Don’t fear virtual conferences!

By Sarah Potts

Recently, I’ve been thinking about how Library and Archives Canada (LAC) staff, like many Canadians, have been working full time from home for almost a year. I also thought about how my work has changed during the pandemic. The reality is, my work as an acquisitions librarian never stopped, but my usual way of working and interacting with my field did. So when I had the opportunity to attend a virtual professional event, I jumped at it.

A colour photograph of a laptop on a wooden table, with a lamp and pens in the background.
Welcome to my office (it’s really just my dining room table)

Virtually engaged

I attended the Library Journal (LJ) Day of Dialog, an event that was launched over 20 years ago. Traditionally, it’s a one-day in-person event with multiple iterations throughout the year. The LJ Day of Dialog allows librarians and publishers to connect, talk and highlight the latest trends in books.

Because of COVID-19, the event became free and went online. Most of the sessions were pre-recorded. What had originally sold me on attending the conference was having live sessions, because it would remind me of what it was like to participate in a discussion in person.

The conference did have elements of an in-person event, though. There were opportunities to interact with fellow attendees, but through a chat function. We were able to exchange ideas, and sometimes to have a group discussion with authors. This situation was challenging, since both my mental tabs and my Internet tabs were at their maximum. I spent so much time looking up concepts that I forgot to engage with the very conversation I was a part of and to pay attention to the event! There was so much I could do that I worried I wasn’t doing enough on the day of the conference.

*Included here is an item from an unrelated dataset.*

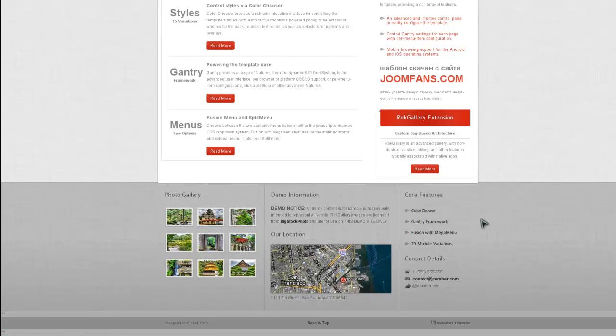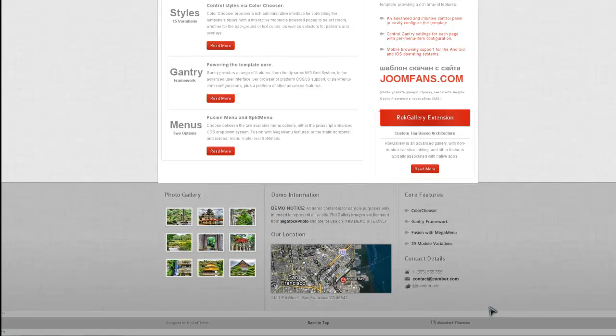Hey guys, so first I'd like to show you how to get an awesome RocketTheme template running without all this junk at the bottom, designed by RocketTheme and RocketTheme logo. So here's the Camber template right here, and this is the newest one for August 2010, and what we want to do here is remove these logos at the bottom.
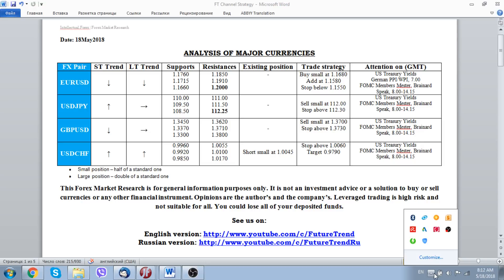Hello everybody, the Future Trend channel is again with you and today is the 18th of May 2018. As usual, we start our everyday analysis of major currencies, so let's look at what's interesting waiting for us for this Friday, first of all from the point of view of economic releases.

Despite knowing that I could access the sessions afterward, I still worried that if I didn’t attend the event as it happened, I would miss something important at the moment. I found it hard to step away from my computer and take a break. I even found myself checking social media “just in case” I missed something. I knew then that I was experiencing FOMO, the “fear of missing out.”

Too much to attend, too little “time”

The term FOMO was popularized in the early 2000s by American author and researcher Patrick McGinnis. Essentially, it means that when you step away from an event or discussion, you worry that you’ll miss something important or exciting. In my case, I thought of never-ending what-ifs and questions. I asked things like, “If I step away from the event, will I miss making a connection with someone?,” “Could stepping away mean that I’m not fully engaged?,” “What if I don’t ask a question during the session? Will my colleagues think less of me?” I spent more time worrying about what could happen than enjoying what was actually happening.

My FOMO extended beyond the conference sessions. I had trouble disconnecting from my other work, too. When attending an in-person conference, I often don’t check my work emails, instant messages or phone. But while attending the LJ Day of Dialog, I couldn’t help myself. If a client emailed me, I would email back immediately; if one of my colleagues sent me an instant message, I felt compelled to respond right away. I felt that if I left my work for a while, I was doing something wrong. It’s an unsettling feeling, and it’s heightened when I work from home. I knew it wasn’t healthy, but I couldn’t disconnect.

Ottawa, we have a problem

It took someone else, in this case my mom, twisting my arm to get me out of that state of mind. She reminded me that it’s healthy to step away and reconnect with myself. Stepping away allowed me to refresh and engage in a more meaningful dialogue with publishers.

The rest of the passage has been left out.